Abstract
Purpose :
To determine intraocular pressure (IOP) changes in the fellow eye during the early postoperative period after Ahmed glaucoma valve surgery in a prospective cohort study.
Methods :
This study followed patients undergoing Ahmed glaucoma valve surgery by a single surgeon at University of California, San Francisco between May 2013 and August 2014. IOP, visual acuity and medications were collected at the preoperative visit (baseline) and at postoperative weeks 1-2, 4, 6, 8 and 12. Patients were continued on their scheduled medications for the fellow eye postoperatively. The primary outcome was longitudinal difference in IOP of the fellow eye compared to baseline over the postoperative 12 weeks. Data was analyzed using a longitudinal, linear mixed effects regression adjusting for use of glaucoma medications.
Results :
Of the 65 patients enrolled, the majority had primary open-angle glaucoma (POAG; 51%), followed by uveitic glaucoma (29%). Fellow eyes had a significant mean increase in IOP at weeks 1-2 (2.1mmHg, SD 4.9, P=0.003), 4 (1.9mmHg, SD 4.0, P<0.001), 6 (1.5mmHg, SD 5.0, P=0.006) and 8 (0.93mmHg, SD 4.3, P=0.02) compared to baseline.
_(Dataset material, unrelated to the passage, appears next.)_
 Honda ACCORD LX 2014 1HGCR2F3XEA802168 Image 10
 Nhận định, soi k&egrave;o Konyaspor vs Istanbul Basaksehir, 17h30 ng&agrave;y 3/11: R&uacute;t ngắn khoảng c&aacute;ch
There was no significant IOP elevation at week 12. Longitudinal analysis showed that fellow eyes had a significant increase in IOP from baseline (P = 0.001). Subgroup analysis demonstrated that patients with steroid-sensitive glaucoma (uveitic, post-corneal transplant, post-steroid injection) had a significant increase in IOP of the fellow eye from baseline compared to POAG or primary angle closure glaucoma (PACG; P=0.008). The most significant difference in mean change in IOP was observed at week 2 in patients with steroid-sensitive glaucoma (4.5mmHg, SD 5.8) compared to POAG or PACG (0.2mmHg, SD 3.2, P<0.001).
Conclusions :
In our analysis, patients undergoing Ahmed valve surgery had a transient but significant elevation in IOP of the fellow eye during the immediate postoperative period. This effect was mainly observed in patients with steroid-sensitive glaucoma as they may have an exaggerated response to steroids. This study highlights the importance of IOP monitoring in both eyes following Ahmed valve surgery. In steroid-sensitive patients, the potential risk of postoperative IOP elevation in the fellow eye should be discussed when considering Ahmed valve surgery.
This is an abstract that was submitted for the 2016 ARVO Annual Meeting, held in Seattle, Wash., May 1-5, 2016.